Monday 11 February
GEORGY GIRL 1966 ** Directed by by Silvio Narizzano ** 99 minutes ** In English
This is an unusual cult film. It was shot in the 1960s England just as so-called 'swinging London' is beginning to burst open. It has a catchy theme song and follows the plight of a young girl in the modern world. So what is so unusual about it? Simply the fact that our main character Georgina isn't conventionally beautiful... she's a bit overweight, too tall, awkward and frumpy. She represents the type of person we never see in movies as a main protagonist, who is normally relegated to the sidelines in minor roles. She is played by Lynn Redgrave, who lets all the air out of our fashion ideals and the pressure to act like a cardboard cut-out stereotype. But on the other hand, she isn't a loser - she is vivacious, willing to throw herself into life... she's open and searching. This edge gives this off-beat film a frisky, spunky, fresh energy.
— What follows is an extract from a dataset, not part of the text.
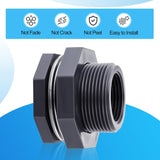 12Pcs Bulkhead Fitting 1 Inch Pvc Bulkhead with Plug Water Tank Connector Adapter Fitting Double V1258-DP02-C-745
Georgina's roommate Meredith (Charlotte Rampling) is her polar opposite - she's attractive and has a boyfriend (Alan Bates). But both of these women, Georgina and Meredith, are trying to embrace life in their own way. Georgy Girl has an overflowing, carefree spirit that gives it a slight French Nouvelle Vague edge. Also described as an anti-romantic romance comedy, this was a movie that went against the grain and was subversive by showing how hollow mass movements and fads are; all they do is up new stereotypes, and the sixties were no exception. The theme song, with lyrics by Jim Dale and recorded by The Seekers, became a gigantic hit. It is a bit heartbreaking that modern cinema has become so jaded that it can't even come close to a movie like this. The cast - which includes James Mason - is brilliant, and it was Charlotte Rampling's debut in cinema.